8. Drug shortages remain a persistent operational threat. CPOs said they plan to strengthen relationships with manufacturers and distributors, improve internal forecasting systems, and maintain safety stock strategies. Many are investing in predictive analytics to anticipate shortages before they occur. Supply chain resilience is expected to be a top strategic focus in 2026, given its direct link to patient safety and continuity of care.
“There’s a lot of consequences to these drug shortages, especially when it comes to therapy delays or increasing costs for our hospital system, and most importantly these drugs could have potential harmful, negative outcomes and effects on outcomes for our patients,” said Erica Marchese, clinical pharmacy program director at City of Hope for Chicago. “I recently saw something ASCO published that said the workarounds that are caused during shortages cause a health system annually over $230 million in increased drug costs and about $359 million annually in increased labor costs just to mitigate and manage those shortages, and those are pretty eye opening for numbers for our healthcare system.”
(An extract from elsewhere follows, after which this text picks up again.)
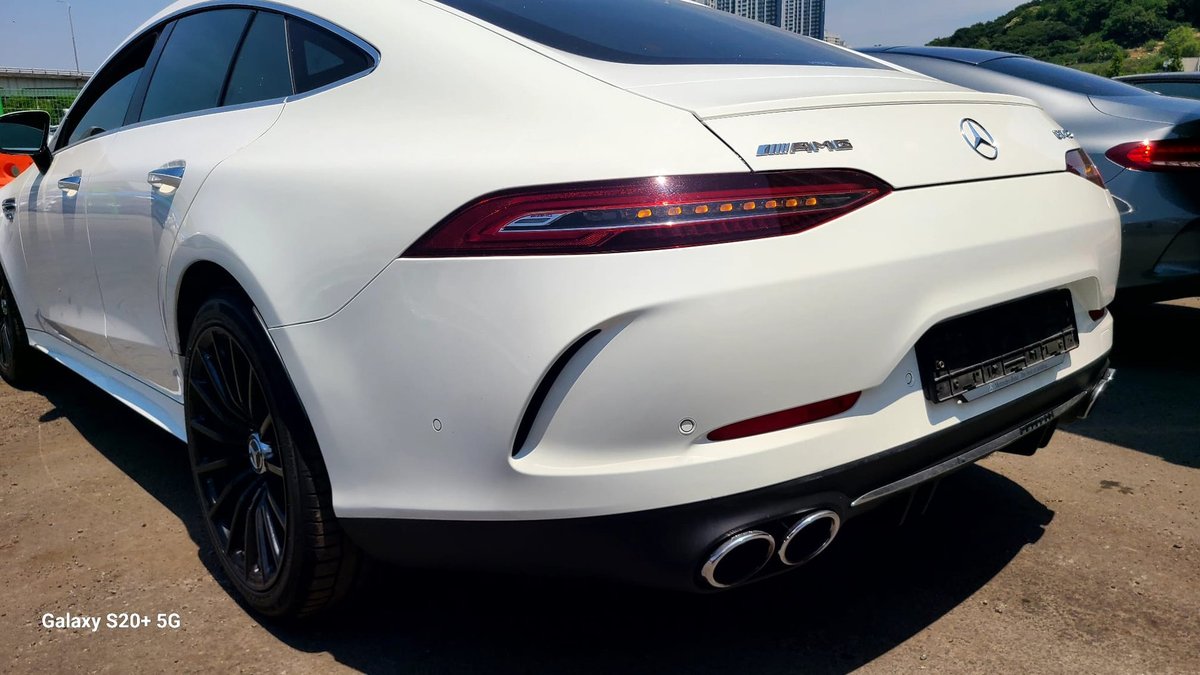 MERCEDES AMG GT 43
9. As health systems continue shifting toward value-based care, pharmacy leaders are prioritizing alignment with organizational metrics. They’re developing dashboards that link clinical performance to cost reduction and patient outcomes. Pharmacy’s role in reducing total cost of care — through formulary management, medication optimization, and transitions of care — is becoming a measurable differentiator. In 2026, demonstrating pharmacy’s contribution to value-based contracts will be a central strategic objective.
“Pharmacy needs to be embedded upstream in the care delivery process where they’re part of that financial decision-making for the health system,” said Jennifer Halsey, director of ambulatory pharmacy service at the University of Illinois Chicago. “Some easy ways definitely to reduce spend is by centralizing your formulary decisions and your contracting decisions across the network.”
10. Leaders expressed concern about how pending policy changes — from CMS drug reimbursement adjustments to potential federal PBM reforms — could reshape pharmacy economics. Many are watching closely for implications on 340B, Medicare Part D, and biosimilar adoption. The coming year will demand proactive advocacy and scenario planning to navigate uncertain legislative outcomes. Pharmacy executives want to be partners in policy development, not just reactors to it.
“Over the last five years, there’s been a lot of unknowns with the challenges to the 340B program, with the litigation that we’ve all been watching closely in terms of the rebate model and some of these unknowns,” said Rachel Joseph, clinical manager of specialty pharmacy at Northwestern Memorial Hospital in Chicago. “We are having tabletop discussions and working through all the possible things that could occur, trying to work out how a rebate model potentially worked within contract pharmacy, for example. It’s working internally but also working with our vendors, our TPAs, to understand all the different perspectives and things we may face in the near future. I’m trying to proactively plan as best I can.”